This Australian judgment considered whether the insurer could correctly rely on a number of exclusions to a claim by its insured for cover under the liability section of the policy.
The policy used two composite formulations to connote the requisite relationship between the liability and the exclusion.
The first formulation excluded liability “arising from, or in connection with, directly or indirectly”, and the second, “arising directly or indirectly from or in any way connected with”.
The insurer bears the onus of proving the qualification or limitation of cover and argued that both limbs of each formulation were engaged.
The court said that the relational terms “arising out of” and “in connection with” are each ambulatory terms, the construction of which does not involve the resolution of ambiguity, but, rather, an analysis that takes into account the context and purpose.
On the terms used, the words “arising from” where the narrowest. They connate a causal relationship, albeit a less proximate relationship than would be connoted by the words “caused by”.
The court said that the addition of the second formulation of the words “directly or indirectly” makes clear that an indirect causal or consequential relationship will be sufficient to bring the two concepts into the requisite relationship for the exclusion to apply. The degree of proximity may be greater, but a causal connection is nevertheless still required.
The words “in connection with directly or indirectly” or “in any way connected with” posed a different construction question. The words “in connection with” and their cognates also deal with wide connections. A broad connection, not necessarily casual, is generally sufficient.

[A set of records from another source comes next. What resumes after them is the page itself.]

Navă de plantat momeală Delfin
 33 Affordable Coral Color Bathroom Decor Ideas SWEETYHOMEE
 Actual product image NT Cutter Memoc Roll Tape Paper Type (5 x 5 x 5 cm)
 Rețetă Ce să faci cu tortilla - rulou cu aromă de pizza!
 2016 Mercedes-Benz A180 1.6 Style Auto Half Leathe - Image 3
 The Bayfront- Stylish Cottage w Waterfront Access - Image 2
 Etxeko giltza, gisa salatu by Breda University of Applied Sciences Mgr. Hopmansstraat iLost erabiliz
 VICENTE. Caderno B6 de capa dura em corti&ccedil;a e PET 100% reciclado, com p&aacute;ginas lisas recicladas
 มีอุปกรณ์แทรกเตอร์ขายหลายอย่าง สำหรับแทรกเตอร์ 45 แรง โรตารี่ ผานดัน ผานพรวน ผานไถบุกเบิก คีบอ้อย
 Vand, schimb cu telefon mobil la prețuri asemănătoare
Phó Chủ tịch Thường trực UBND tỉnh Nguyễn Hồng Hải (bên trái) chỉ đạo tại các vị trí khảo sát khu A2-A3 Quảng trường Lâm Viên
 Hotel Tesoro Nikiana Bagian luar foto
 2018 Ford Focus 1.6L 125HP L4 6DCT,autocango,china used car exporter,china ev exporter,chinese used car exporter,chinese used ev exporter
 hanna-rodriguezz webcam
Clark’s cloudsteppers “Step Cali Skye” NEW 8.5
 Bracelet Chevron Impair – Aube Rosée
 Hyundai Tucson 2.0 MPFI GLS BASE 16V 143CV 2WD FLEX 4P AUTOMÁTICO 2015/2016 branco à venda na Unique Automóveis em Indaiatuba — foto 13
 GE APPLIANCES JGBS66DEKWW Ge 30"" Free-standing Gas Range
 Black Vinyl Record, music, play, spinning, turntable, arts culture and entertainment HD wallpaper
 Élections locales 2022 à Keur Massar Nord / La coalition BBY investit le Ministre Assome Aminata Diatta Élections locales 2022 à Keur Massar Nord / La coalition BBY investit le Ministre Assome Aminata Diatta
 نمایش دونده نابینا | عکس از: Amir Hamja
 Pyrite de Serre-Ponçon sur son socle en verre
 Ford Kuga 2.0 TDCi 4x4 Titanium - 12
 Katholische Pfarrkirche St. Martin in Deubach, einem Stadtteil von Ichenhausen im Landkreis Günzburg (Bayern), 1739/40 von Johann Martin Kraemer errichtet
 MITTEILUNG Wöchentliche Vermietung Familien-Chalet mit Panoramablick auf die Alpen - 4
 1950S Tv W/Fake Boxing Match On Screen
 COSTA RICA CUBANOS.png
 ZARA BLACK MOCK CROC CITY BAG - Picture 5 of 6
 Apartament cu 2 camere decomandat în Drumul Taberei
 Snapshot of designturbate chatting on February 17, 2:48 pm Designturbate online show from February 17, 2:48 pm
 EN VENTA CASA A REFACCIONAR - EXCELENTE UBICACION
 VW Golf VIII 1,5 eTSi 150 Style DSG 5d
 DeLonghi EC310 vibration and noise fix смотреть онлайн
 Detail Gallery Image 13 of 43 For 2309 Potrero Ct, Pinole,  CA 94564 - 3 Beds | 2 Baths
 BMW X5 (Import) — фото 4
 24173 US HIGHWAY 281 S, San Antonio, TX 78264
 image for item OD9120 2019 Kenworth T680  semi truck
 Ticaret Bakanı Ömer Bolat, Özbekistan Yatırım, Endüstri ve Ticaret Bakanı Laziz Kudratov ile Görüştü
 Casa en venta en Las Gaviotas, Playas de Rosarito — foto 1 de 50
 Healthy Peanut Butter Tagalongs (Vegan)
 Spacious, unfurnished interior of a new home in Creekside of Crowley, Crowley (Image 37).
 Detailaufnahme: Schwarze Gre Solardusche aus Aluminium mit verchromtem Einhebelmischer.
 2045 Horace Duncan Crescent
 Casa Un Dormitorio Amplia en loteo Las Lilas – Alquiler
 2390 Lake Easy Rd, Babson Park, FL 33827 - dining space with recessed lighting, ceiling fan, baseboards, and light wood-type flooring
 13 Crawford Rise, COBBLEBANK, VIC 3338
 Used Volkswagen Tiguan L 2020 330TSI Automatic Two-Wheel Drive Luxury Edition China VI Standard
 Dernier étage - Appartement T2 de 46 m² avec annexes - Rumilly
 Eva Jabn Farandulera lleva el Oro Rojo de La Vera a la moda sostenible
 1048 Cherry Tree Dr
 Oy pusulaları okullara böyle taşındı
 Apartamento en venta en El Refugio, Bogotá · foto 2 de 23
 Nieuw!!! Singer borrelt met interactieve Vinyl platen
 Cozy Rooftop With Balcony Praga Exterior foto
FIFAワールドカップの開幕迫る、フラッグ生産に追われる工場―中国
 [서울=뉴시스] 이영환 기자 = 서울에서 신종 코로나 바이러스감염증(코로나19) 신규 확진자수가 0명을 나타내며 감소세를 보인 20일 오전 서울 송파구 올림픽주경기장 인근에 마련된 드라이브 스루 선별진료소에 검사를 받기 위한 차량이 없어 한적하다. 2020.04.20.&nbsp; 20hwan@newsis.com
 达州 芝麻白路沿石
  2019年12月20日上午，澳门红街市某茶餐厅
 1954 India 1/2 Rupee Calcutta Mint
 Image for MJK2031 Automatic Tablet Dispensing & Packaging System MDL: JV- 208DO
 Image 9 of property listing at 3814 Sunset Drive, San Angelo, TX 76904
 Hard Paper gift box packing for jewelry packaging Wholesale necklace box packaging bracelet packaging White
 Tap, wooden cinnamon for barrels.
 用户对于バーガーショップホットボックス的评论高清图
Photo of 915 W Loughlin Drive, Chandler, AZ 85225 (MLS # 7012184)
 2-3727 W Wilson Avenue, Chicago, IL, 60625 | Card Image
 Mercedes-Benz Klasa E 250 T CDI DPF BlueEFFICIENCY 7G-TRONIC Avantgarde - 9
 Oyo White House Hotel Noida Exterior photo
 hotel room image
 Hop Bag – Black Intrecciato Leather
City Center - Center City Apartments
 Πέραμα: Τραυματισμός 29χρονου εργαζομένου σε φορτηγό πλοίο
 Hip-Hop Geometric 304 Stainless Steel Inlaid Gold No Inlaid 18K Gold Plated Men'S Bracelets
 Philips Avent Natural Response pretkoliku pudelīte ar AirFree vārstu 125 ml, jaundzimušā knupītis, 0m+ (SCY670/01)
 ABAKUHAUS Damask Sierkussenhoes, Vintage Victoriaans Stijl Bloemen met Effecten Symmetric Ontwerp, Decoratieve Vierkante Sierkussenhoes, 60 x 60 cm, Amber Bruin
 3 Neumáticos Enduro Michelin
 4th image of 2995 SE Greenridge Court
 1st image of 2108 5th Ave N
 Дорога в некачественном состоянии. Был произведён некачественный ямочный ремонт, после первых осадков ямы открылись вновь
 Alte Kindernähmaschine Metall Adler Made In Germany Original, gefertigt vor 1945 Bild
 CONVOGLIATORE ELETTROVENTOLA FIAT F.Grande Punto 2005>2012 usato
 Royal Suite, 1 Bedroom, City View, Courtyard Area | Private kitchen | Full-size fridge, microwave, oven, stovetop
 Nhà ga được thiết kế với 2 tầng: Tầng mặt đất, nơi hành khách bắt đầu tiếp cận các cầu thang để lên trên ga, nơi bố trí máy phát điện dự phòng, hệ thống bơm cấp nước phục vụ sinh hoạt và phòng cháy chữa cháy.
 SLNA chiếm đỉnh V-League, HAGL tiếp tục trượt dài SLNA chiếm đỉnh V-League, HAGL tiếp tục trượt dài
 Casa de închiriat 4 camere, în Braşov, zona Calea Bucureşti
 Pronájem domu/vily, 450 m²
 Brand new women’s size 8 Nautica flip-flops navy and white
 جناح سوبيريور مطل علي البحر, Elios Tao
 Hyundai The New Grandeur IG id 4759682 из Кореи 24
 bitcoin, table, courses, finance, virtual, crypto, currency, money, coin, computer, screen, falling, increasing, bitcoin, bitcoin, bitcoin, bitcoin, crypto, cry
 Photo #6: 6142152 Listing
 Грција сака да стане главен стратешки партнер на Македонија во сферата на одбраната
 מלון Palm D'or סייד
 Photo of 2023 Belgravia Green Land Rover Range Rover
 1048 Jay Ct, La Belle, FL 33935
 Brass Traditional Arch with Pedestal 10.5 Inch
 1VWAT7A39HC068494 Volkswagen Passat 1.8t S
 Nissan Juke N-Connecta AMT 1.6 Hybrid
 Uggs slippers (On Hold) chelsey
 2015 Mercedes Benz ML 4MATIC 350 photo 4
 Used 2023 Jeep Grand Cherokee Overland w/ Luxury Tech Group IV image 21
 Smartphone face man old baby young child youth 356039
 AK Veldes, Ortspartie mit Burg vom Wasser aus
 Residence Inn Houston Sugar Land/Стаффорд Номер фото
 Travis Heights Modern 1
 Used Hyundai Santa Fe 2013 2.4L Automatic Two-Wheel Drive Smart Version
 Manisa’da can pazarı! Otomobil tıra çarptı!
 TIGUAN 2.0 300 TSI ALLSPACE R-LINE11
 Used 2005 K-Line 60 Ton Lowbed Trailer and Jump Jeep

As a matter of construction, a degree of connection must be determined by the context.
The words “directly or indirectly” in the first formulation and the words “in any way” in the second formulation must, as a matter of construction, said the court have some work to do. They each widen the potential ambit of the relevant connection such that the requisite degree of proximity is greater than it otherwise would be. They cannot, however, said the court, extend the ambit beyond that which the language of the policy can bear. Ultimately that becomes an evaluative question.